The first half of the notebook goes over how to query data with user-defined parameters and use the API to retrieve data
The second part of the notebook will allow users to plot the location of the data on a map and plot property plots to gain insights into observed water masses
The future versions of this notebook will continue to extend the capabilities of the Argovis API to generate learnable material with vast applications. Whether you’re a first-time programmer or a new oceanography student, this notebook will guide you through the basic but formative steps to studying the ocean.
Technical contributions¶
Leverage the existing Argovis API functions to compile, query and plot global data from the Argovis interface.
Teach fundamental concepts about interior ocean properties
Introduce functions and interactive widgets to plot property-property plots of ocean profiles to grow familiar with ocean metrics
Methodology¶
The notebook utilizes basic python packages for data manipulation and visualization: pandas, numpy, matplotlib, and cartopy.
This notebook features a tutorial on how to use the Argovis API and make scientific inferences from subsurface ocean property profile plots. It leads with learning objectives, followed by an execution of the code and ends with some insightful questions to promote learning. We implement a few functions from the notebook by Tucker at al. 2020, specifically get_selection_profiles
and parse_into_df
to query and compile data with the API. The function plot_pmesh
was modified to plot the selection profiles onto a global map for spatial reference.
Results¶
The primary objective of this notebook is to serve as a learning tool for undergraduate and graduate students in introductory oceanography classes. Once we add more activites to this notebook to cover the fundamentals of reading ocean data, it will be featured in oceanography classes starting in Fall 2021 at University of California, San Diego and University of Colorado Boulder.
Funding¶
Award1 = {“agency”: “US National Science Foundation”, “award_code”: “2026776”, “award_URL”: http://www.nsf.gov/awardsearch/showAward?AWD_ID=2026776&HistoricalAwards=false}
Award2 = {“agency”: “US National Science Foundation”, “award_code”: “1928305”, “award_URL”: https://www.nsf.gov/awardsearch/showAward?AWD_ID=1928305&HistoricalAwards=false}
Award3 = {“agency”: ” NOAA Cooperative Agreement Grant “, “award_code”: “NA16SEC4810008”, “award_URL”: https://govtribe.com/award/federal-grant-award/cooperative-agreement-na16sec4810008}
Keywords¶
keywords=[“Argovis”, “hydrographic data”, “profiling floats”, “exploring ocean data”, “in-situ ocean observations”]
Citation¶
Anil, S., Diggs, S., Purkey, S., Giglio, D., Scanderbeg, M., Tucker, T. (2021).
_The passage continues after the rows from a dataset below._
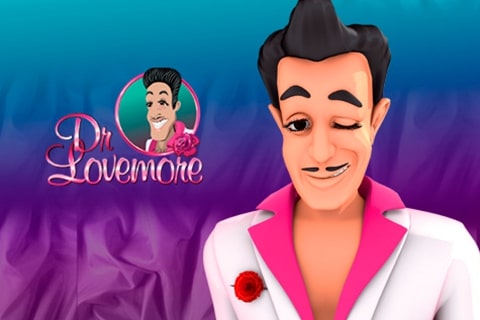 A cartoonish character with slicked-back black hair and a charismatic expression, wearing a white jacket with a pink collar. The title 'Dr. Lovemore' appears in elegant cursive font alongside a rose.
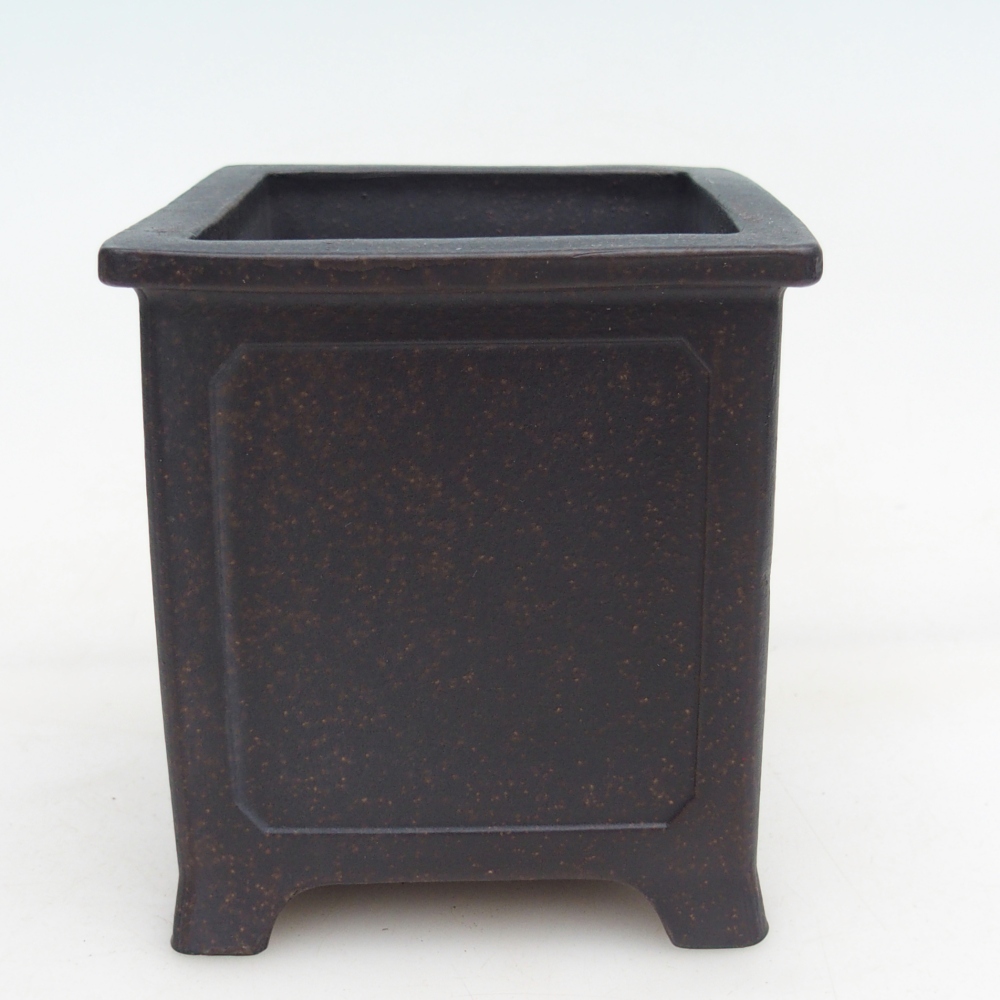 kerámia bonsai tál 9,5 x 9,5 x 10 cm, barnás okkersárga színben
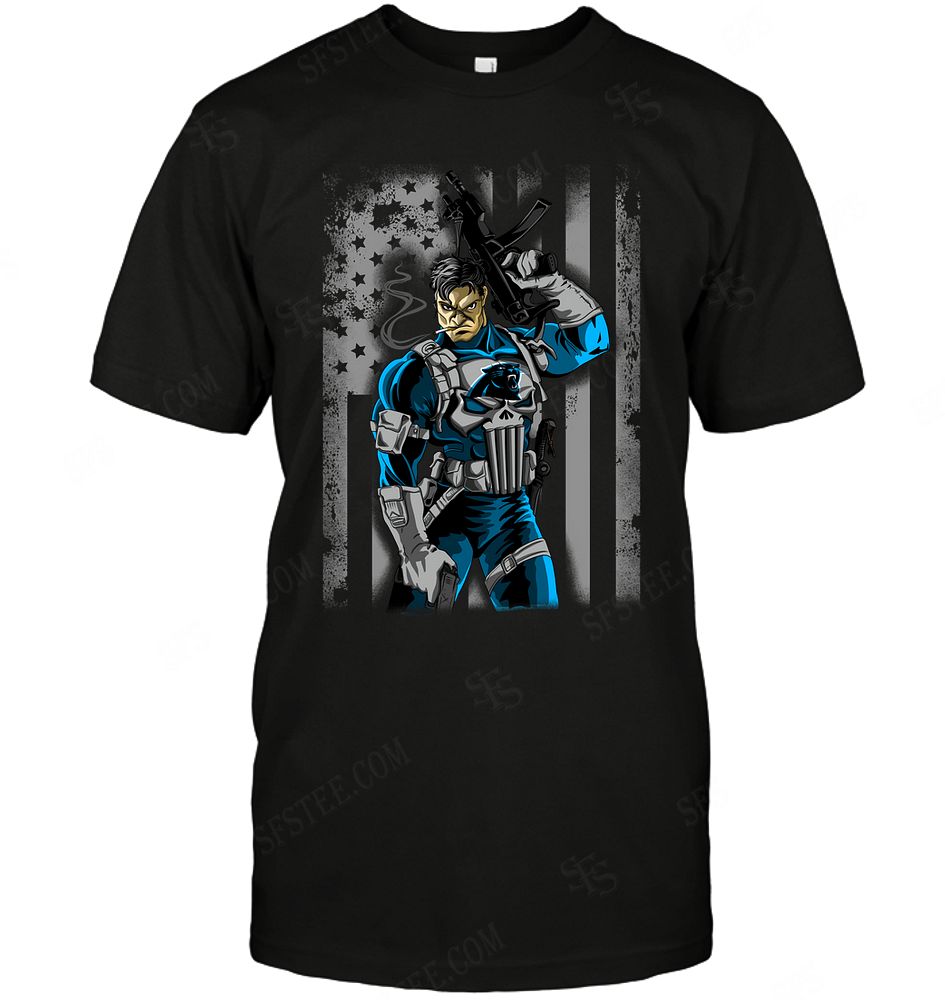 Nfl Carolina Panthers Punisher Flag Dc Marvel Jersey Superhero Avenger Tshirt Size Up To 5xl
Interactive Jupyter notebook for hydrographic ocean data exploration, retrieval and visualization via the Argovis API. Jupyter Notebook [github url] [a DOI will be assigned after review]
Work In Progress - improvements¶
Notable TODOs:
Including more shapes for possible regions of interest
Including contour plots by time, latitude and longitude
Further development of educational materials in coordination with Professors Purkey and Giglio
Acknowledgements¶
Thank you Earthcube for the opportunity.
These data were collected and made freely available by the International Argo Program and the national programs that contribute to it. The Argo Program is part of the Global Ocean Observing System.
Setup¶
Library import¶
These are some fundamental libraries that are very common in data analysis and visualization functions. Included below is a short description of each library and a link to its documentation for further reading.
numpy
: a fundamental package for scientific computing https://numpy.org/doc/stable/user/whatisnumpy.htmlpandas
: package with various data anlysis methods and easy-to-use dataframes https://pandas.pydata.org/docs/#module-pandasdatetime
: module for manipulating dates and times https://docs.python.org/3/library/datetime.htmlmatplotlib
: package with various visualization methods https://matplotlib.org/cartopy
: package designed for analyzing and visualizing geospatial data https://scitools.org.uk/cartopy/docs/latest/ipywidgets
: implement interactive widgets with Jupyter notebooks https://ipywidgets.readthedocs.io/en/latest/
#data processing
import requests
import numpy as np
import pandas as pd
from datetime import datetime, timedelta
#data visualization
import matplotlib.pylab as plt
%matplotlib inline
#used for map projections
import cartopy.crs as ccrs
#widgets for user interaction
import ipywidgets as widgets
import warnings
warnings.filterwarnings('ignore')
Data processing¶
The following functions are from the Argovis API notebook. Reference this github repository for further methods on data querying based on space/time selection.
Collecting Data¶
To query results from a specific space and time selection, the following Argo API functions will format your specifications into a URL that requests the data from the Argovis website and return a file with all of the data.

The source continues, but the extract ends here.